Recorded data:
+ + + +

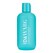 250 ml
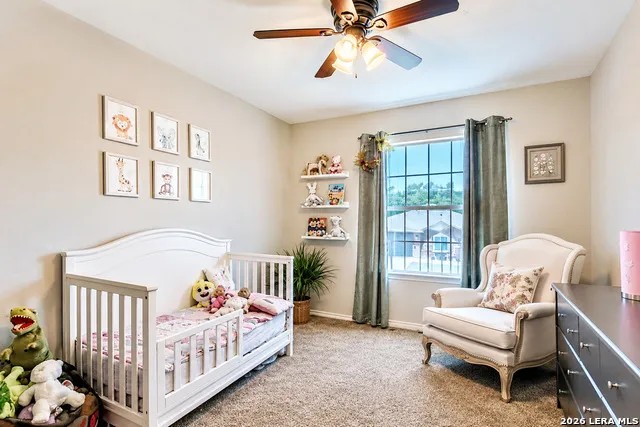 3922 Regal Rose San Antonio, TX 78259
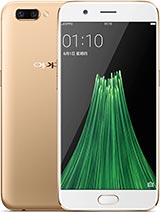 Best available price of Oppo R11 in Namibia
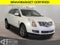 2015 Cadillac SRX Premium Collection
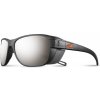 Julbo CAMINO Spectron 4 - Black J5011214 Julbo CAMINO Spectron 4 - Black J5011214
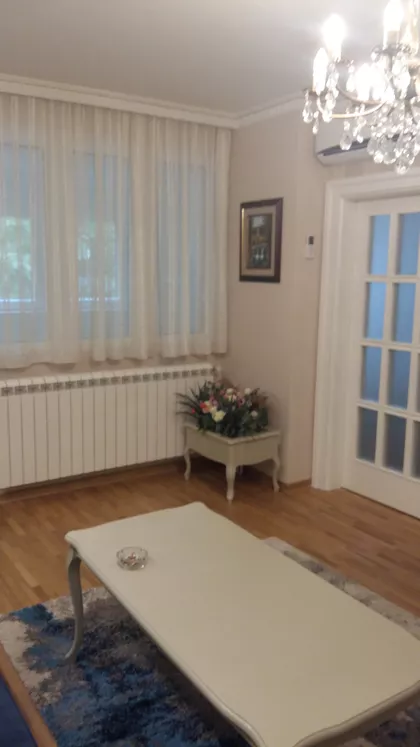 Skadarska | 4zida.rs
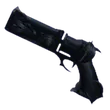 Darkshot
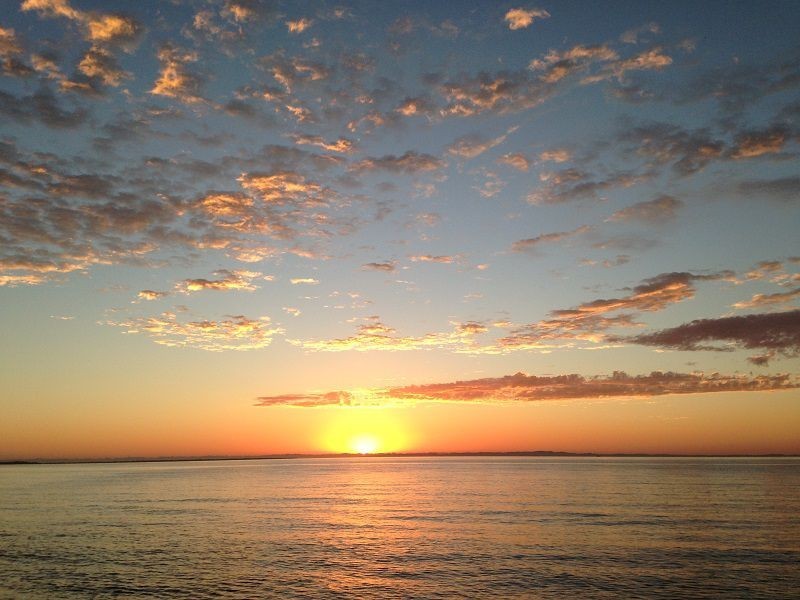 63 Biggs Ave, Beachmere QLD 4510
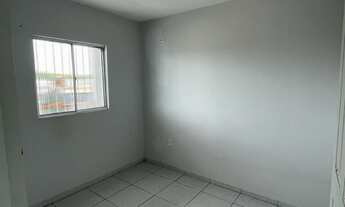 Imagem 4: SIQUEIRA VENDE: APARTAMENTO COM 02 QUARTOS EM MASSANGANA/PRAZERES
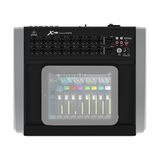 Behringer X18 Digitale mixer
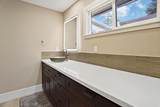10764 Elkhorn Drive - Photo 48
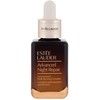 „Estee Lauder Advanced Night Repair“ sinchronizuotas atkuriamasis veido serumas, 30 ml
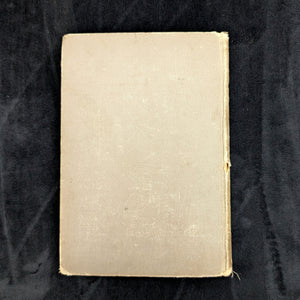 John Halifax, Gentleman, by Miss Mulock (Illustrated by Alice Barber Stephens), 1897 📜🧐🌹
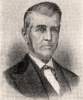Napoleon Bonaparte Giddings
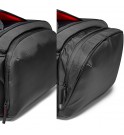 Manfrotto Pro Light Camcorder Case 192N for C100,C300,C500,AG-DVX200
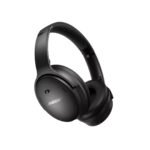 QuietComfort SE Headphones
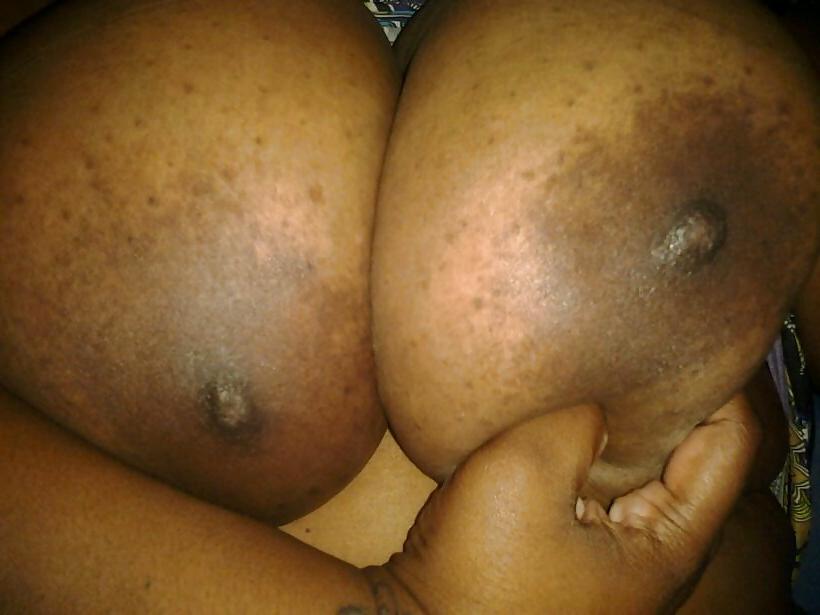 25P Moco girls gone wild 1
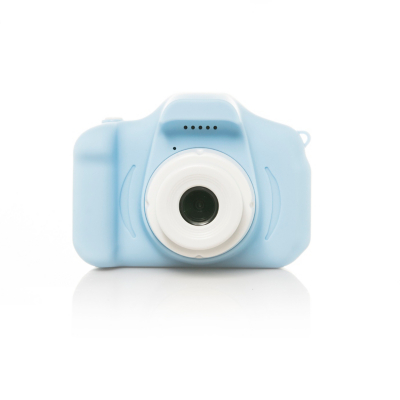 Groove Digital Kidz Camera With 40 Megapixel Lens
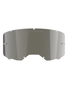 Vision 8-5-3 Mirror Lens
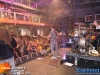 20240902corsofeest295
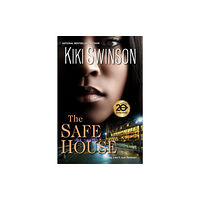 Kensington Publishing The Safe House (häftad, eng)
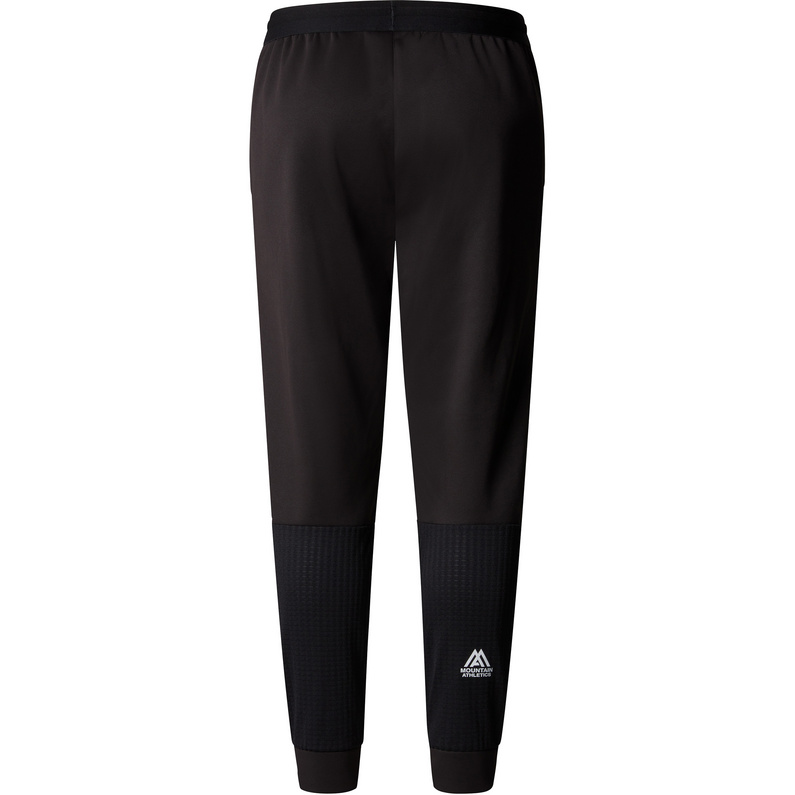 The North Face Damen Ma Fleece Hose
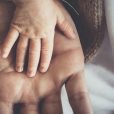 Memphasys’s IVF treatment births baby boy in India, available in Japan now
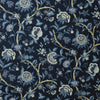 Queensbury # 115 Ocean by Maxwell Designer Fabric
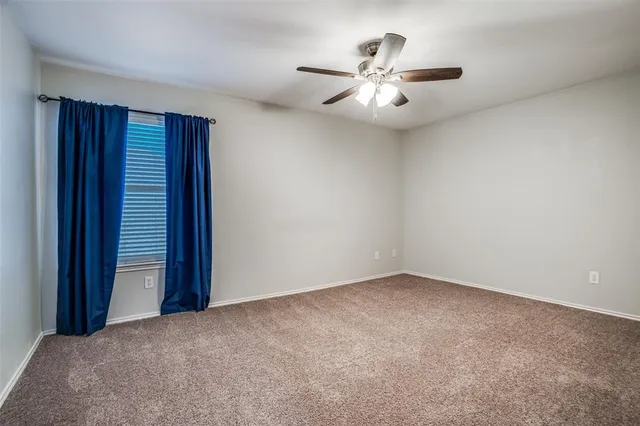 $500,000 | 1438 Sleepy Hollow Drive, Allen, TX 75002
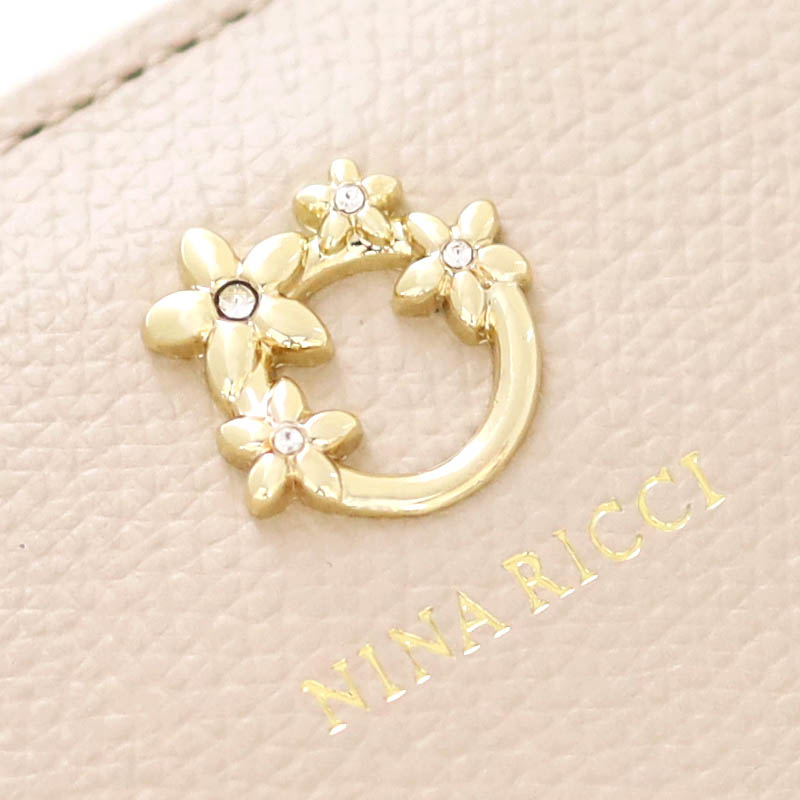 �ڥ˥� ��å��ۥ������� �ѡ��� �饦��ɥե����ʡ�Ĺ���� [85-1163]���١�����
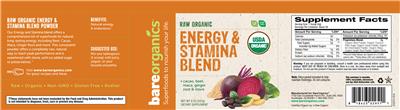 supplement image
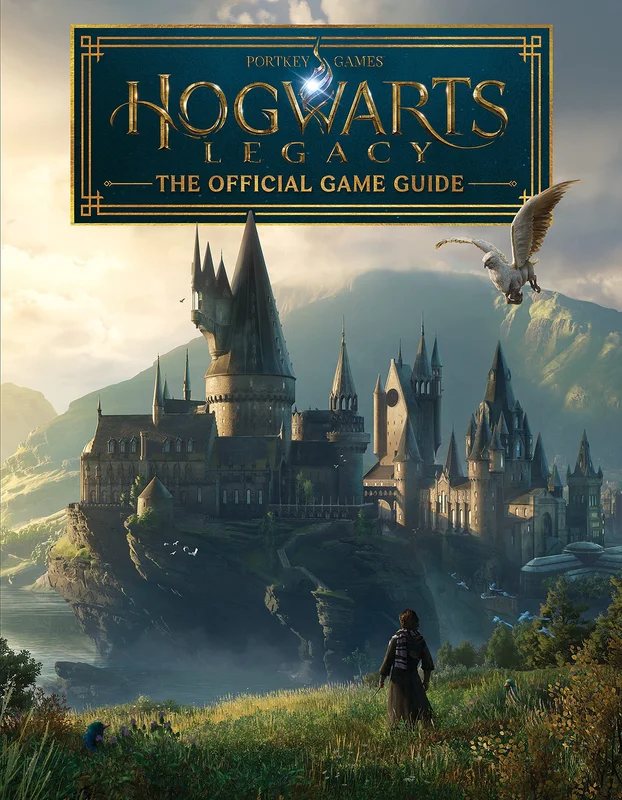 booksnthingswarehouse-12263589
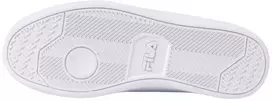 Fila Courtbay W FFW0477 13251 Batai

+ + + +

◆ What the exercise asks
Your answer should consist solely of the lines from the one with "serumas, 30 ml" through the last line of the entries, restated word for word, with the pictures omitted.

◆ Worked solution
 „Estee Lauder Advanced Night Repair“ sinchronizuotas atkuriamasis veido serumas, 30 ml
 John Halifax, Gentleman, by Miss Mulock (Illustrated by Alice Barber Stephens), 1897 📜🧐🌹
Napoleon Bonaparte Giddings
 Manfrotto Pro Light Camcorder Case 192N for C100,C300,C500,AG-DVX200
 QuietComfort SE Headphones
 25P Moco girls gone wild 1
 Groove Digital Kidz Camera With 40 Megapixel Lens
 Vision 8-5-3 Mirror Lens
 20240902corsofeest295
 Kensington Publishing The Safe House (häftad, eng)
 The North Face Damen Ma Fleece Hose
 Memphasys’s IVF treatment births baby boy in India, available in Japan now
 Queensbury # 115 Ocean by Maxwell Designer Fabric
 $500,000 | 1438 Sleepy Hollow Drive, Allen, TX 75002
 �ڥ˥� ��å��ۥ������� �ѡ��� �饦��ɥե����ʡ�Ĺ���� [85-1163]���١�����
 supplement image
 booksnthingswarehouse-12263589
 Fila Courtbay W FFW0477 13251 Batai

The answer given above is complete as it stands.